[cairo] Spot colors (and CMYK)
Bill Spitzak
spitzak at gmail.com
Wed Feb 17 11:30:24 PST 2010
ecir hana wrote:
> Yes, I really want to control the CMYK, such API is the topic of this
thread.
>
> If I say CMYK(40, 30, 30, 100) I want CMYK(40, 30, 30, 100). I bet you
> understand what I'm talking about - it's the same as reading Quicktime
> and writing it back as Quicktime, as you wrote above - going from CMYK
> to sRGB and back to CMYK makes no sense.
>
> Again, the real question is, how do you supply CMYK image to Cairo and
> first, show it on the screen and second, export it to PDF with the
> same set of graphic operators?
I do not think Cairo should understand color profiles. This is an
ENORMOUS complication that will only cause grief.
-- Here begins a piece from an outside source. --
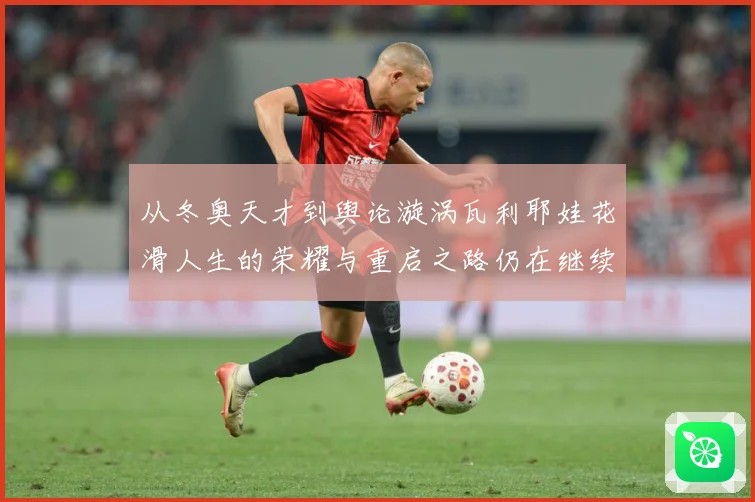 从冬奥天才到舆论漩涡瓦利耶娃花滑人生的荣耀与重启之路仍在继续解析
This is why I very
strongly reject any of Kai-Uwe Behrmann's ideas.
I am also under the impression that "CMYK" means "exactly these inks on
this specific device". Printer profiles apparently are defined as "here
is how to turn this CMYK into a matching point in a 3-dimensional color
space". Therefore I believe that any portable information derived from a
CMYK color can be conveyed with a 3-dimensional color api.
Therefore my method to fill a shape with an exact CMYK on an output
device is:
1. Specify the color in sRGB. If the application only has CMYK
information, it is the applications responsibility to figure out how to
turn it into sRGB. An obvious way is to use the device profile to turn
it into XYZ and from there into unclamped sRGB.
2. Also specify using a device specific api that this exact spot color
is wanted. A backend that understands this will use the spot color other
than the sRGB. Most backends will ignore this information.
There cannot be any guarantees about compositing of any transparency or
antialiased edge, but a 100% opaque area should produce exactly that
spot color on output. The reason we cannot guarantee anything about
transparency is that the only predictable result would be to convert the
composited sRGB to the device inks, but this would result in a
discontinuity of antialiased edges with the enclosed area. I think users
would prefer an antialiased edge made of the spot color even if the
exact composited result is device-dependent.
As spot colors tend to be one channel, I am uncertain how to do a CMYK
separation image. One way would be to draw 4 monochrome images with
different spot colors (each of C,M,Y,K are a spot color), with the
compositing operator set to subtract (or maybe multiply or maybe some
new operator) which is an indication that ink must accumulate. Since
Cairo has no information about how the colors mix it will be impossible
to produce an accurate sRGB equivalent. Alternative is to use an N+3
channel image, with the sRGB data included so that back ends that do not
understand the spot colors can use the sRGB fallback. Or an api that
takes two different images as input. In any case again anything other
than 100% opacity is going to produce device-dependent results and no
color management is going to fix that.